The work of Columbia Water Center in Gujarat, India

Impressions of groundwater depletion in Gujarat collected during a field visit on January 2010.

Gujarat, India

The groundwater situation in the Indian state of Gujarat is much worse than in Punjab. Each year more wells run dry, and farmers who cannot pump deeper wells are forced to abandon their land.

Continued depletion of groundwater in Gujarat at the current rate also runs the risk of causing an irreversible intrusion of saltwater into aquifers and a resulting collapse of agriculture in the state. In addition, the tapping of deeper groundwater in Gujarat contributes to an increased cases of fluorosis, or fluoride poisoning, from naturally occurring concentrations of fluoride in deep aquifers.

Outdated Policies

The overexploitation of groundwater in Guajrat is supported by outdated government policies, including electricity subsidies that make deep groundwater pumping virtually free for farmers. Use of such large amounts of energy for agriculture is not only a huge cost to the state, it contributes to the instability of the grid and electric service in the region.

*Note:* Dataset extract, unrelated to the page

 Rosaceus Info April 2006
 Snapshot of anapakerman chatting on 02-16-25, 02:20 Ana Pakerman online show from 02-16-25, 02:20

Potentially appropriate energy- and water-efficient approaches and technologies do exist, but are mostly unused.

The Columbia Water Center in India is working with policy-makers in Gujarat to develop and test new approaches to support farmers to invest in and implement water and energy saving approaches to food production. The proposed CWC approach has three facets: awareness, technology and incentives.

* Awareness: The CWC is engaged in an awareness-raising campaign for farmers to alert them to the reality of the groundwater situation in Gujarat, and the risks to their livelihoods from irreversible changes such as saltwater intrusion. The campaign also promotes reduced and more efficient water use.
* Technology: A task force will undertake a thorough review of potential water-saving technologies, crop patterns and irrigation practices, with the goal of customizing these approaches for the particular agricultural circumstances in the region. The task force will then undertake an extension campaign to familiarize farmers with the costs and benefits of each technology. Water-efficient technologies the Columbia Water Center has studied include the replacing of unlined channel irrigation with PVC pipes, mulching, modified crop geometry (spacing) and better crop rotation among others.
* Incentives: Rather than charging farmers for energy use, the Columbia Team proposes an incentive structure that would reward them for conserving energy (and thus water). Incentives would be guaranteed for 5-10 years so that capital improvements could be made. The CWC team is currently working with policy-makers in Gujarat to implement a pilot incentive program, with the hope of building increasingly effective interventions going forward. The overall aim of the program is to make major water-saving interventions cost-effective, while providing farmers the tools and knowledge to quickly implement such interventions.